Entidade de pastores terá R$ 40 mil da prefeitura para "Semana da Criança"
A organização do evento é restrita aos evangélicos. Igreja Católica não foi convidada.
A Prefeitura de Campo Grande repassará, a titulo de "fomento", R$ 40 mil para entidade que congrega pastores para custear atividades entre os dias 10 e 15 deste mês, na Semana da Criança, na antiga Cidade do Natal, hoje Vila Morena, no prolongamento da Avenida Afonso Pena.
As atividades foram anunciadas ontem, durante evento com a prefeita Adriane Lopes (PP) e o presidente do Conselho de Pastores do Mato Grosso do Sul, Wilton Acosta, candidato derrotado a deputado federal pelo Republicanos.
Depois, no fim do dia, foi publicada edição extra do Diário Oficial do Município com extrato de termo de fomento com a Sociedade Evangélica Beneficente, a ser firmado com dispensa da exigência de chamamento de outros eventuais interessados, que é a modalidade de seleção para este tipo de vínculo.

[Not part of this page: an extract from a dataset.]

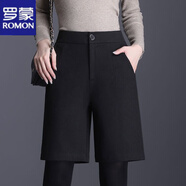 羅蒙（ROMON）毛呢闊腿短褲女2025新款加大碼秋冬加厚五分高腰外穿時(shí)尚百搭 黑色88 前面拉鏈 4XL 【4XL建議170-185斤】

O valor foi informado por Acosta à reportagem. Conforme repassou, via mensagem de Whatsapp, o orçamento total do evento é de R$ 250 mil, vindo o restante de igrejas e patrocínios.
A programação inclui atividades culturais, como teatro, música, contação de história, envolvendo pastores. Haverá ainda, diariamente, palestras sobre prevenção à violência sexual contra crianças, suicídio e também sobre os desafios das redes sociais.
A programação consta no site soscrianca.com.br. Além dos eventos, a página contém somente outras três publicações, datadas de 17 de agosto.
A alegação de impossibilidade de realizar a licitação é assinada pela secretária de Cultura e Turismo, Mara Bethânia Bastos Gurgel de Menezes, com o argumento de que a entidade religiosa seria a única capaz de realizar a celebração, tendo “comprovada experiência na realização do evento objeto da parceria, dada sua notória expertise e experiência acumulada ao longo dos anos, especialmente no que diz respeito ao teor religioso do evento.”
O arcebispo de Campo Grande, Dom Dimas, disse que desconhecia a parceria da prefeitura com representantes religiosos. Nessa época, a Igreja Católica se concentra em sua agenda própria, diante do Dia da Padroeira, Nossa Senhora Aparecida, comemorado no dia 12, junto com o Dia das Crianças, e a Semana da Vida.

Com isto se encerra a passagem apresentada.